Problem to solve: Produce a faithful copy of the data, one that leaves out the pictures.

Source data:

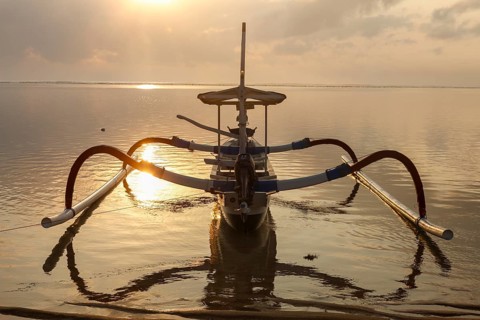Fishing outriggers at dawn, Sanur, Bali, Indonesia, Asia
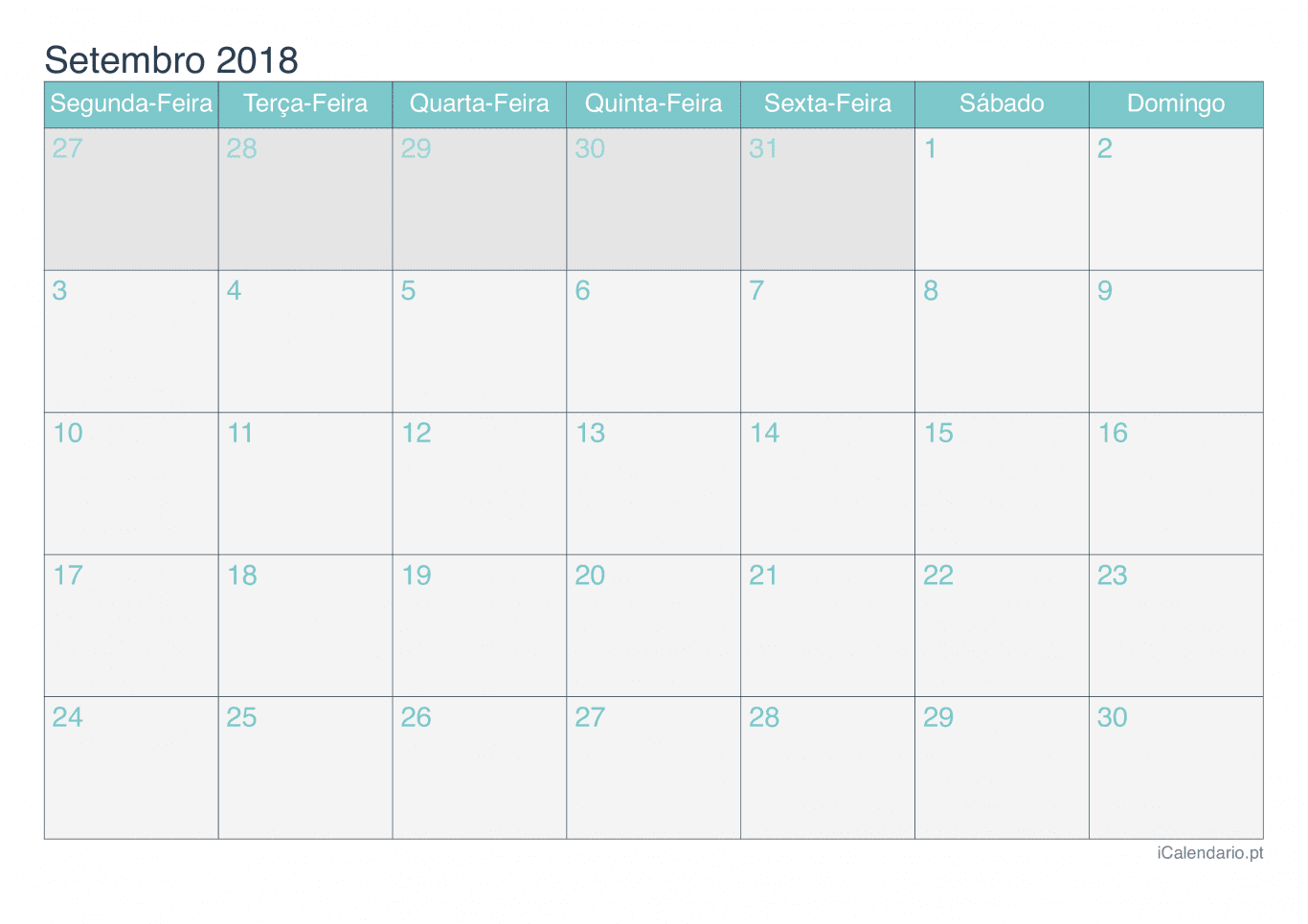 Calendário de setembro 2018 - Turquesa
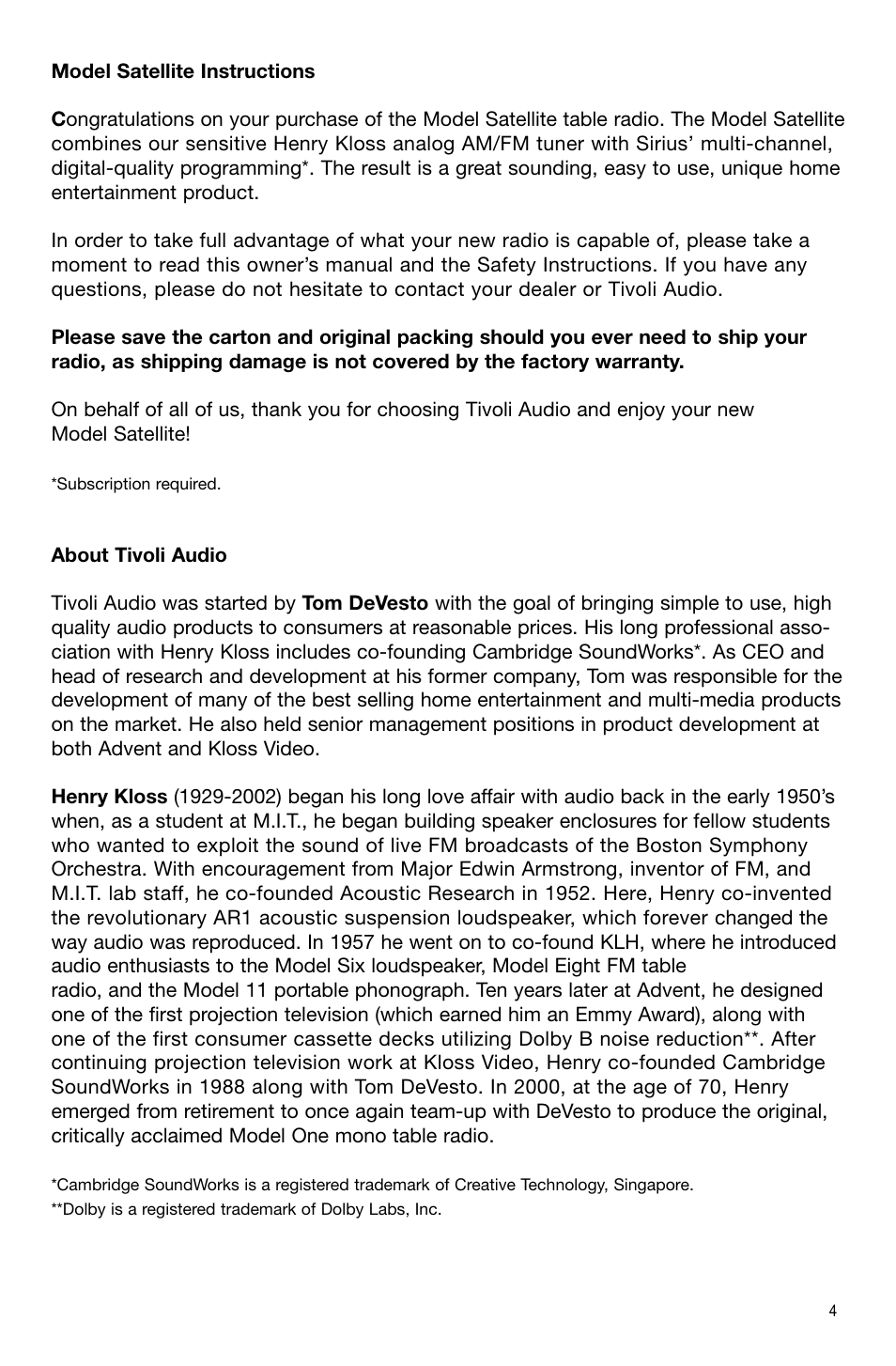 Sirius Satellite Radio Model Satellite User Manual | Page 5 / 20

Solution to this exercise:
Fishing outriggers at dawn, Sanur, Bali, Indonesia, Asia
 Calendário de setembro 2018 - Turquesa
 Sirius Satellite Radio Model Satellite User Manual | Page 5 / 20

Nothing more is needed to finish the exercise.